BEGIN Record excerpts

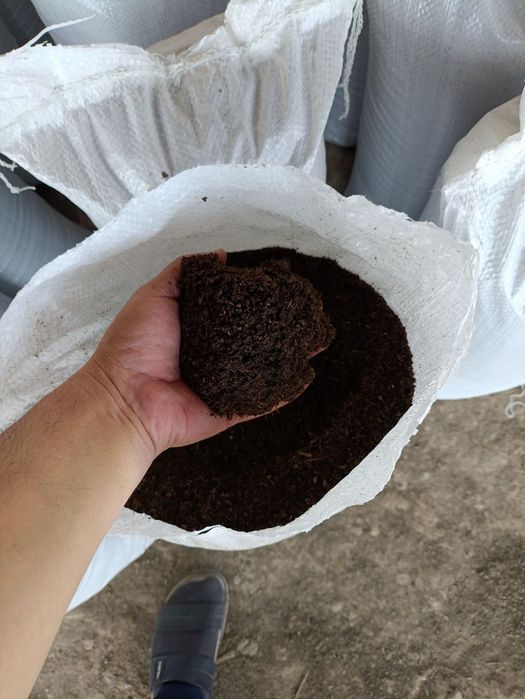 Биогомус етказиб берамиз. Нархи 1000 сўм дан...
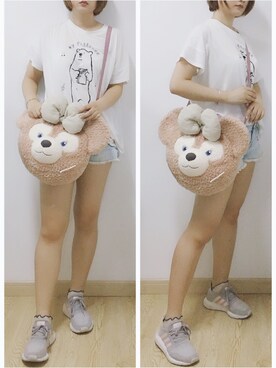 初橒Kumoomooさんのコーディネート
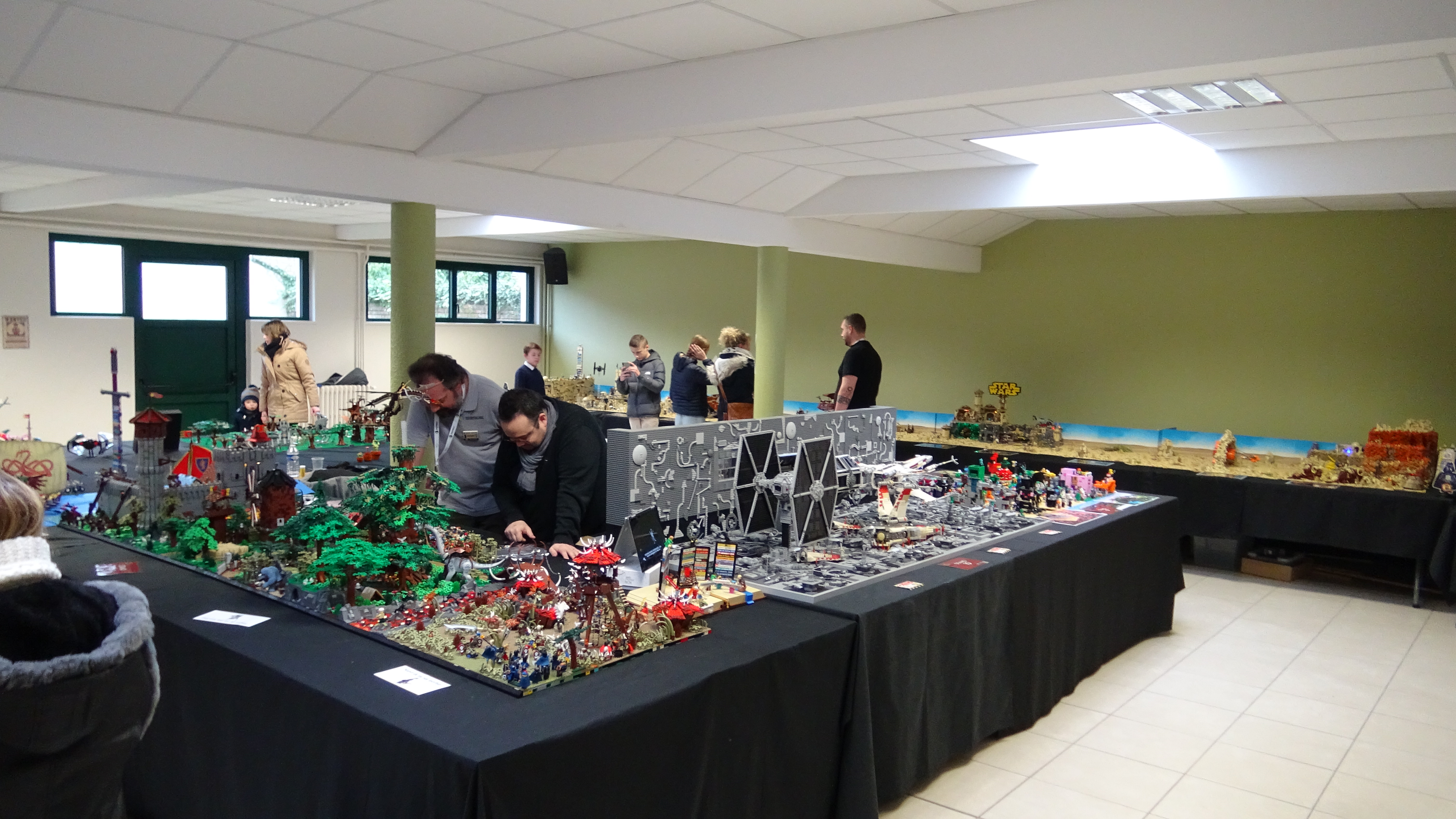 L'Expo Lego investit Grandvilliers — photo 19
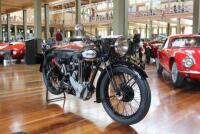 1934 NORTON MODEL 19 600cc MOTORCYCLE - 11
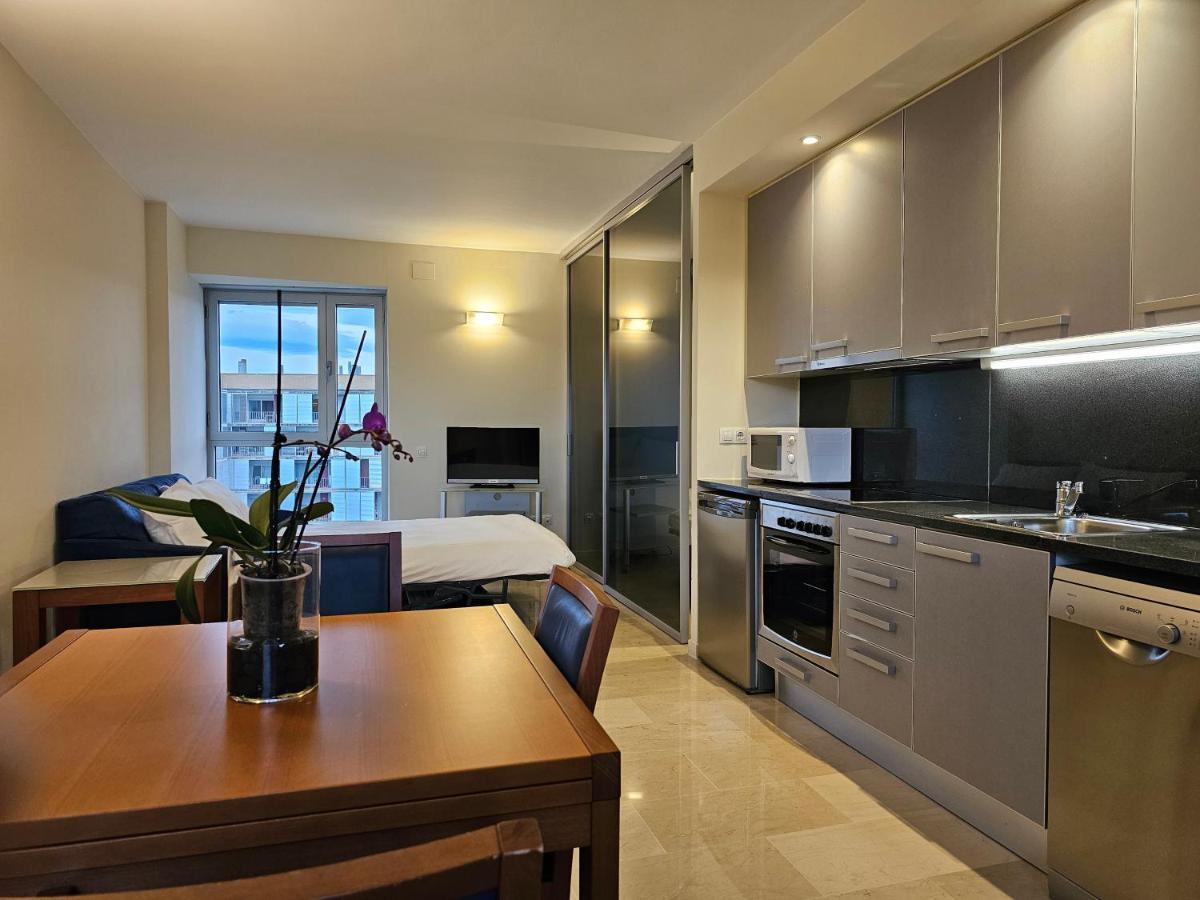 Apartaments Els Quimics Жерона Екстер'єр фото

END Record excerpts

§ **Task to carry out**
Take the line that contains "L'Expo Lego investit" and every line after it to the end of the records above; quote them exactly, leaving out the pictures.

§ **Response below**
 L'Expo Lego investit Grandvilliers — photo 19
 1934 NORTON MODEL 19 600cc MOTORCYCLE - 11
 Apartaments Els Quimics Жерона Екстер'єр фото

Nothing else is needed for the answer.